How real estate sector can shake off pandemic blues
Wednesday, July 14th, 2021 00:00 | 2 mins read
Steve Umidha @UmidhaSteve
Kenya’s real estate market may not recover to the levels seen in the pre-coronavirus era, unless the government steps in with measures to boost growth.
Stakeholders now recommend that tax incentives be extended on certain raw materials if the sector is to shake off the pandemic blues.
Other than tax incentives, Architectural Association of Kenya (AAK) in its report further wants the promotion of local content policy to be prioritised to cushion local developers from the advanced impact of the pandemic.
“We recommend that there is need for more support to the construction and real estate sectors to help them recover from the adverse effects of the Covid-19 pandemic,” said Wilson Mugambi, the AAK president yesterday.
The association, he added, is of the view that government support to the broader built environment sector through tax incentives and promotion of local content policy will help encourage more investments.
Mugambi was speaking during the launch of the status of the built environment report for the period between January and June.
The construction industry is projected to grow by 4.5 per cent year-on-year this year as the sector recovers from the negative impact of the Covid-19 pandemic.
Industry insiders say more than a year since Covid-19 pandemic shut down and twisted so much of people’s lifestyles, things are still unpredictable.

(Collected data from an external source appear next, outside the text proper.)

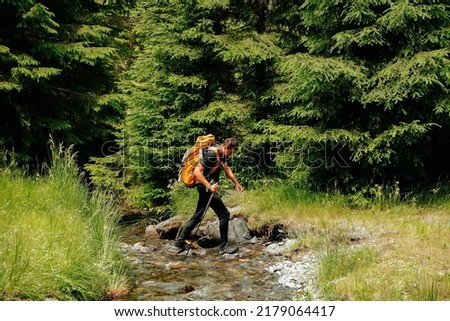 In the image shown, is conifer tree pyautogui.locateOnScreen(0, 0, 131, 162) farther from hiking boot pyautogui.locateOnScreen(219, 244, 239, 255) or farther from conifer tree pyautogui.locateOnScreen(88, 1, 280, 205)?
hiking boot pyautogui.locateOnScreen(219, 244, 239, 255)

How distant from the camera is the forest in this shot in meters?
9.16

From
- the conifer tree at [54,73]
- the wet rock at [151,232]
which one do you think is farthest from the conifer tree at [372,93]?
the conifer tree at [54,73]

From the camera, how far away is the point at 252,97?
12094 millimetres

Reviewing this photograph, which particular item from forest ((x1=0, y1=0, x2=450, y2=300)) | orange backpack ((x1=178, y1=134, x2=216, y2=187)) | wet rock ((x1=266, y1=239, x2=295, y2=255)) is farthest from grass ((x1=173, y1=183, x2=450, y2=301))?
orange backpack ((x1=178, y1=134, x2=216, y2=187))

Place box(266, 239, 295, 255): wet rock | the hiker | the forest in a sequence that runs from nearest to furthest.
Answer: the hiker, box(266, 239, 295, 255): wet rock, the forest

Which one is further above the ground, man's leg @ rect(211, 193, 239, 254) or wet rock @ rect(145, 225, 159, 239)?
man's leg @ rect(211, 193, 239, 254)

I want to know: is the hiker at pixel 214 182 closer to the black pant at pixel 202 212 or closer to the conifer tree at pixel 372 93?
the black pant at pixel 202 212

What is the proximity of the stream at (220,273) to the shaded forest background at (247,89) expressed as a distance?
2.62m

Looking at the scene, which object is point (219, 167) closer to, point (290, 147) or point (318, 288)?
point (290, 147)

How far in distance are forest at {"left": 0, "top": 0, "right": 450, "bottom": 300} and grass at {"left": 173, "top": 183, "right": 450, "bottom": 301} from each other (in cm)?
9

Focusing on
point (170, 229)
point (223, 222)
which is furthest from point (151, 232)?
point (223, 222)

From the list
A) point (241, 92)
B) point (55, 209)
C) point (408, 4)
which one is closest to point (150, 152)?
point (241, 92)

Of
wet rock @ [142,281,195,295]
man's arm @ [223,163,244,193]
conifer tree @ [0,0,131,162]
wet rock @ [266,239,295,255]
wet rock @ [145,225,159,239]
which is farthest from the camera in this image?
conifer tree @ [0,0,131,162] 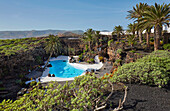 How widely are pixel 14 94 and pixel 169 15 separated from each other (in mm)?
30285

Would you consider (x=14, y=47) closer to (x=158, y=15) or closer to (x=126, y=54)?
(x=126, y=54)

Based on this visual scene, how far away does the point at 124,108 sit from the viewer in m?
7.97

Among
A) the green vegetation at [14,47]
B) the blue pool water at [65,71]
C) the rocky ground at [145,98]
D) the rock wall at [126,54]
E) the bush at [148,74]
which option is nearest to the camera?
the rocky ground at [145,98]

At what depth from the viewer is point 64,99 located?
27.2ft

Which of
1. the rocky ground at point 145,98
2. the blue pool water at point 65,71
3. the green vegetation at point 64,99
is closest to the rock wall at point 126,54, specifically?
the blue pool water at point 65,71

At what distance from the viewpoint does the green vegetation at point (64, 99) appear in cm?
726

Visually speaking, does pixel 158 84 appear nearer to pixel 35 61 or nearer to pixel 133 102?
pixel 133 102

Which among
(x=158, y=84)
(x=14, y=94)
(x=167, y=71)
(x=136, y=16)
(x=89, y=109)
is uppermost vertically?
(x=136, y=16)

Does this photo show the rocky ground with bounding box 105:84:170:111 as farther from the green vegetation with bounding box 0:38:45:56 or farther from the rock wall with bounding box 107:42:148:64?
the green vegetation with bounding box 0:38:45:56

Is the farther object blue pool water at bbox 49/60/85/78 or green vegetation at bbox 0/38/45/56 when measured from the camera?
green vegetation at bbox 0/38/45/56

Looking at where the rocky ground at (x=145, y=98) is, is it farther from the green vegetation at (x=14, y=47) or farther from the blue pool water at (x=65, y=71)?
the green vegetation at (x=14, y=47)

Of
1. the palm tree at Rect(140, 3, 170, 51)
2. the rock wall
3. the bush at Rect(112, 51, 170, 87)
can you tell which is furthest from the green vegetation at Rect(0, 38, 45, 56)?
the palm tree at Rect(140, 3, 170, 51)

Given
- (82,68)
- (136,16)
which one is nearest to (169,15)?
(136,16)

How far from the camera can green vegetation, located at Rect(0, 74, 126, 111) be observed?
7.26 metres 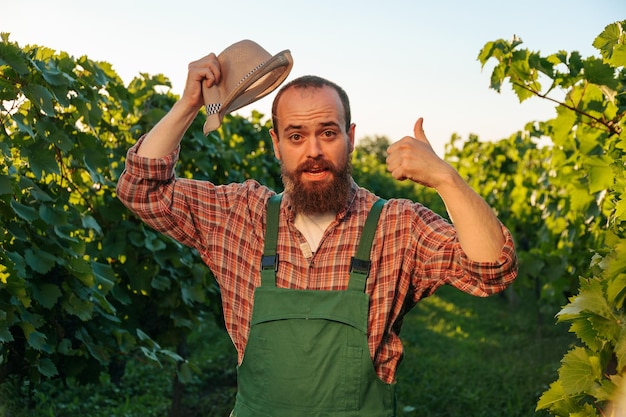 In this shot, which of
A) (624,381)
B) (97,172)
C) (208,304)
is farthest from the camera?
(208,304)

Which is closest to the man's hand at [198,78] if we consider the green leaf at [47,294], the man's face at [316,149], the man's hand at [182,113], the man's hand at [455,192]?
the man's hand at [182,113]

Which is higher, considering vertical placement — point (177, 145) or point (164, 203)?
point (177, 145)

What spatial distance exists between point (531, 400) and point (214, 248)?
457cm

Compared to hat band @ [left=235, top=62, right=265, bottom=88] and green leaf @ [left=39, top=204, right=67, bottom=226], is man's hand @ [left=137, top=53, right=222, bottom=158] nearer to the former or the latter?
hat band @ [left=235, top=62, right=265, bottom=88]

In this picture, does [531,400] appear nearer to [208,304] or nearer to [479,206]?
[208,304]

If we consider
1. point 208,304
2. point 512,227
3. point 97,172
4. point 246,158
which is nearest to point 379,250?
point 97,172

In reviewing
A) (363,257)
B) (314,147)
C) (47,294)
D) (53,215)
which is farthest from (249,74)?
(47,294)

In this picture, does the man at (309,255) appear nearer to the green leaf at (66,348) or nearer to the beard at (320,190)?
the beard at (320,190)

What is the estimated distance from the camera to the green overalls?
93.7 inches

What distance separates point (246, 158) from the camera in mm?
7734

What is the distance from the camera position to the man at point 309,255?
239 centimetres

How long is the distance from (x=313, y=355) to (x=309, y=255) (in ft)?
1.08

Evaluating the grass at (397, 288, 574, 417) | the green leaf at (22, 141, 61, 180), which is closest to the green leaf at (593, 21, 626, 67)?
the green leaf at (22, 141, 61, 180)

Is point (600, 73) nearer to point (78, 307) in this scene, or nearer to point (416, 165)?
point (416, 165)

“The outlook continues to be bleak for the housing market. In fact, it looks like the perfect storm for a correction,” they add.

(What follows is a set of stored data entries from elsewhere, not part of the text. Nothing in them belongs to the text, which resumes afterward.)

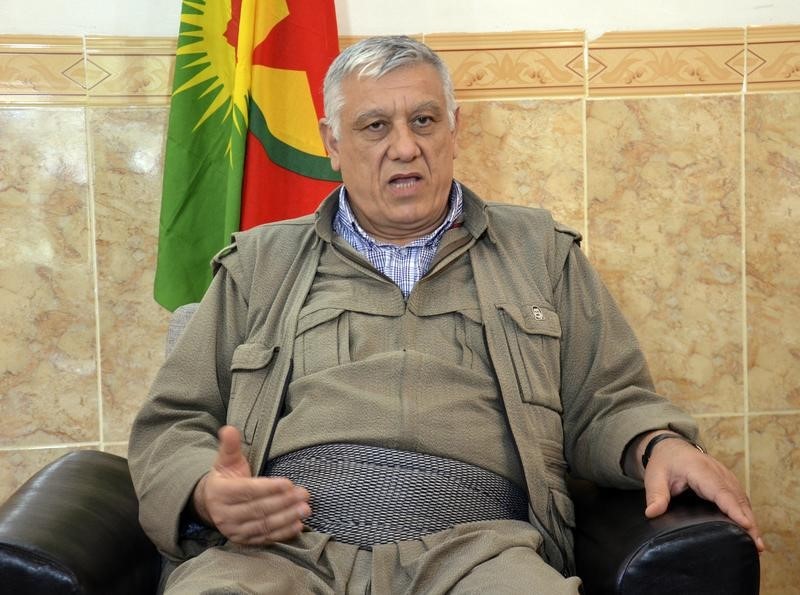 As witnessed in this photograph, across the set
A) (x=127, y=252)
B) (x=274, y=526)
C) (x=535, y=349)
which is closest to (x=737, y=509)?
(x=535, y=349)

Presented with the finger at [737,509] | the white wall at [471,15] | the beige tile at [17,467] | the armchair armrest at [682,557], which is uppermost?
the white wall at [471,15]

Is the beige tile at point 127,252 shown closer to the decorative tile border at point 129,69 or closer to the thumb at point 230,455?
the decorative tile border at point 129,69

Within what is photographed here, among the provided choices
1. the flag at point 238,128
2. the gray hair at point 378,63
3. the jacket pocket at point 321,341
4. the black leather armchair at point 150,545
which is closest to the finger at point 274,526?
the black leather armchair at point 150,545

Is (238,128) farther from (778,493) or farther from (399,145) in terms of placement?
(778,493)

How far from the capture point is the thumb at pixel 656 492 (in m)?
1.67

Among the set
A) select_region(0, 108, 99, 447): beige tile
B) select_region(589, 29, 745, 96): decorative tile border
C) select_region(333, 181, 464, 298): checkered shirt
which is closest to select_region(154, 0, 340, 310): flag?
select_region(0, 108, 99, 447): beige tile

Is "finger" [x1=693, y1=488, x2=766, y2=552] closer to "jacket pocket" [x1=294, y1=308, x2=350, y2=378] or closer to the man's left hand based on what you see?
the man's left hand

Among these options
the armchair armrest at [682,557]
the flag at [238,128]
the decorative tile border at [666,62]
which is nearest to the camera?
the armchair armrest at [682,557]

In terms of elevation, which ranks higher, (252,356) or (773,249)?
(773,249)

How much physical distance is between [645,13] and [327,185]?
1.00 m

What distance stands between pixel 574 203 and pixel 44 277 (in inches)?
56.3

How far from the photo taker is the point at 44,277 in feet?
8.99

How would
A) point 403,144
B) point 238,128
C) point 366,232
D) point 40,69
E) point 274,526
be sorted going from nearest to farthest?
point 274,526, point 403,144, point 366,232, point 238,128, point 40,69

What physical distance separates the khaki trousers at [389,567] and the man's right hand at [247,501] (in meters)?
0.05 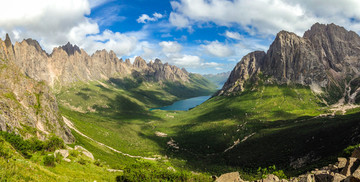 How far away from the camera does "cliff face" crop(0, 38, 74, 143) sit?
87.1 metres

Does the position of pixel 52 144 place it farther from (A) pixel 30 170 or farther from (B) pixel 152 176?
(B) pixel 152 176

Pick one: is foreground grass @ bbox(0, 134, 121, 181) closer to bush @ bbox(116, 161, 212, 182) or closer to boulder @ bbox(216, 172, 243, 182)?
bush @ bbox(116, 161, 212, 182)

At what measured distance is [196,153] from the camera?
184000mm

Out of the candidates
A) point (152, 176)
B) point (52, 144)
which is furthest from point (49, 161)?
point (152, 176)

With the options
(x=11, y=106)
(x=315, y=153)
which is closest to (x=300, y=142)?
(x=315, y=153)

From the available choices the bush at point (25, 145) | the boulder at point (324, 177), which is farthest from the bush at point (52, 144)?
the boulder at point (324, 177)

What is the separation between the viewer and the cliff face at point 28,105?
87062mm

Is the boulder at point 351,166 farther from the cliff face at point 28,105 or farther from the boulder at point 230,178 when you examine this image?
the cliff face at point 28,105

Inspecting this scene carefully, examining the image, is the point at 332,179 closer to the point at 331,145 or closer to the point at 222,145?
the point at 331,145

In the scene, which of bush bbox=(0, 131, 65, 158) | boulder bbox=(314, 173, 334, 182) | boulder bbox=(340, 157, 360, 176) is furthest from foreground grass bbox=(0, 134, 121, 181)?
boulder bbox=(340, 157, 360, 176)

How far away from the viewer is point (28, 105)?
109 metres

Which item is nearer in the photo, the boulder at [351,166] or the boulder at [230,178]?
the boulder at [351,166]

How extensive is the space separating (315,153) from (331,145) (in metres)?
8.77

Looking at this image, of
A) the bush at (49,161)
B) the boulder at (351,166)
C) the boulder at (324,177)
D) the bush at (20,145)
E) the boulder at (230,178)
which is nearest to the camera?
the boulder at (324,177) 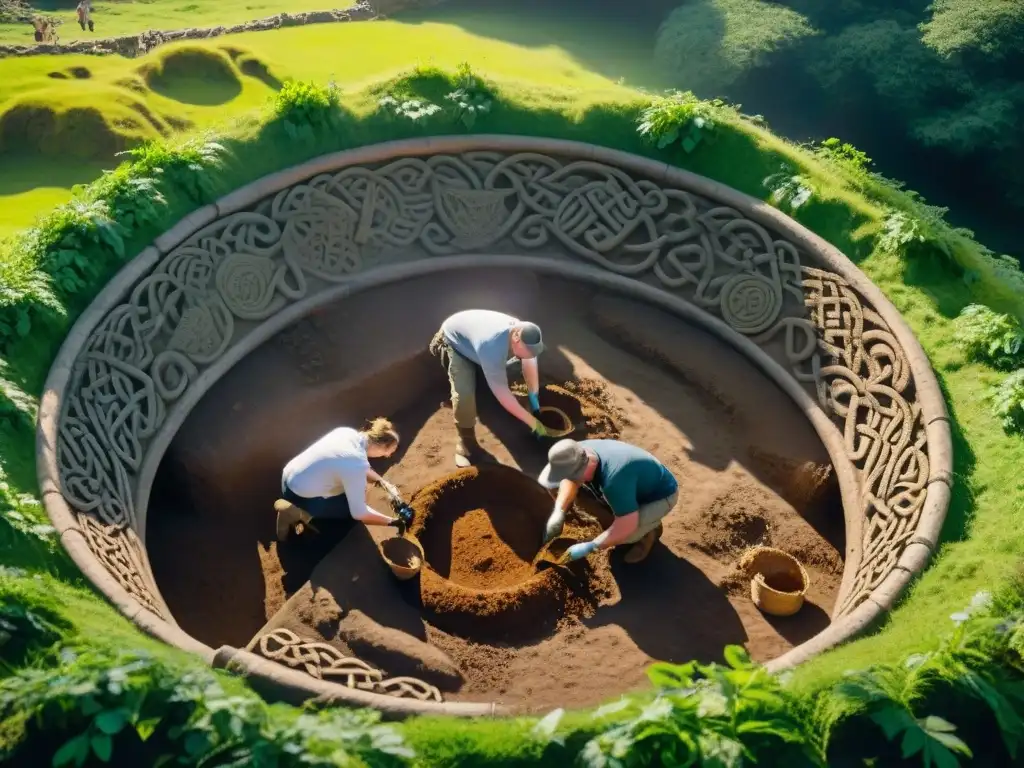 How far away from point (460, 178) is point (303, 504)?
4.27 m

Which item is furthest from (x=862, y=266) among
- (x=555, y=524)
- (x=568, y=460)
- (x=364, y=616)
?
(x=364, y=616)

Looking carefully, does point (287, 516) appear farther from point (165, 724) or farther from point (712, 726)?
point (712, 726)

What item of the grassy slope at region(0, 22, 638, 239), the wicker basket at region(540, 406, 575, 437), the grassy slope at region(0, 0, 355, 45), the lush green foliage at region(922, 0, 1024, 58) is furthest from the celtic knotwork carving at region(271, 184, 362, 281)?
the lush green foliage at region(922, 0, 1024, 58)

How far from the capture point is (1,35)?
11531 millimetres

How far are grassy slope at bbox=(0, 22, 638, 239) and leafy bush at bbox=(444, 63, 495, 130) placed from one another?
2.08 ft

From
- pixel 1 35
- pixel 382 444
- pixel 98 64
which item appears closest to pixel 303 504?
pixel 382 444

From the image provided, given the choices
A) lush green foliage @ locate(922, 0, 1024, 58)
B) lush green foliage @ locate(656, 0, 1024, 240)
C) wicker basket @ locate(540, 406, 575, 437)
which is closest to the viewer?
wicker basket @ locate(540, 406, 575, 437)

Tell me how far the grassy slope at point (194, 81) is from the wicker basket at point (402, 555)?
5155mm

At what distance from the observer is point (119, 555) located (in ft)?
22.7

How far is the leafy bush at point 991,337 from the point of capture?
26.9 feet

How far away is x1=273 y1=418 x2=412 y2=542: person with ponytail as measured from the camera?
737cm

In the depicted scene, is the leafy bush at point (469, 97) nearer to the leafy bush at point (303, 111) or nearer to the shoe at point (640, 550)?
the leafy bush at point (303, 111)

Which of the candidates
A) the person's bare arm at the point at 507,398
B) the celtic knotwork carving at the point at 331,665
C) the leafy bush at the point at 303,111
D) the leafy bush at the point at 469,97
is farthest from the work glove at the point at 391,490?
the leafy bush at the point at 469,97

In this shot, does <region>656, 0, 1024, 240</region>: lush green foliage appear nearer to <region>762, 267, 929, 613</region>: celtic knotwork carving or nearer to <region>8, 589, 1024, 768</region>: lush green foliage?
<region>762, 267, 929, 613</region>: celtic knotwork carving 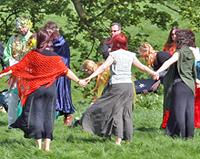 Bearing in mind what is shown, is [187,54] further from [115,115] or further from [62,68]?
[62,68]

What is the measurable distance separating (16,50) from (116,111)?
253cm

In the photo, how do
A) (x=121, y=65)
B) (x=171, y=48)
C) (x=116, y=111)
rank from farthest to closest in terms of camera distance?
(x=171, y=48) < (x=116, y=111) < (x=121, y=65)

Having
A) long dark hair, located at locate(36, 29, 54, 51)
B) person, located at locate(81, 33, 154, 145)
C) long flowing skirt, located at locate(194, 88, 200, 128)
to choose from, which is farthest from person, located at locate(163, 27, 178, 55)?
long dark hair, located at locate(36, 29, 54, 51)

In the last six months for instance, the market has seen home prices overheating, with mortgage rates rising alarmingly.
The supply of homes for sale has been anemic and consumer confidence in the housing market has been falling since the first case was reported in March 2020. While pandemic-related mortgage bailouts are expiring.
The cost of steel prices for instance, has subsequently affected the country’s construction industry, which heavily relies on steel for such functions as installation of reinforcing bars, manufacturing of heating and cooling equipment as well as internal fixture and fittings.
“The rise in cost of steel in Kenya has been attributed to the stringent Covid-19 restrictions measures undertaken for the better part of 2020 with manufacturers being forced to shut down operations,” the new report reads in part.
Prices of construction metals have increased by up to 25 per cent in Kenya with a kilogramme currently selling at Sh125 up from Sh85 in December 2020.
As a result of the rising costs, local manufacturers of steel products have increased prices of goods ranging from construction bars to galvanised sheets and steel tanks to reflect soaring metal prices in the global market.
“Our recommendations based on the report and the state of the industry is that priority needs to be given to local professionals, manufacturers and builders with a focus on building capacity and resilience in the industry,” recommends the report.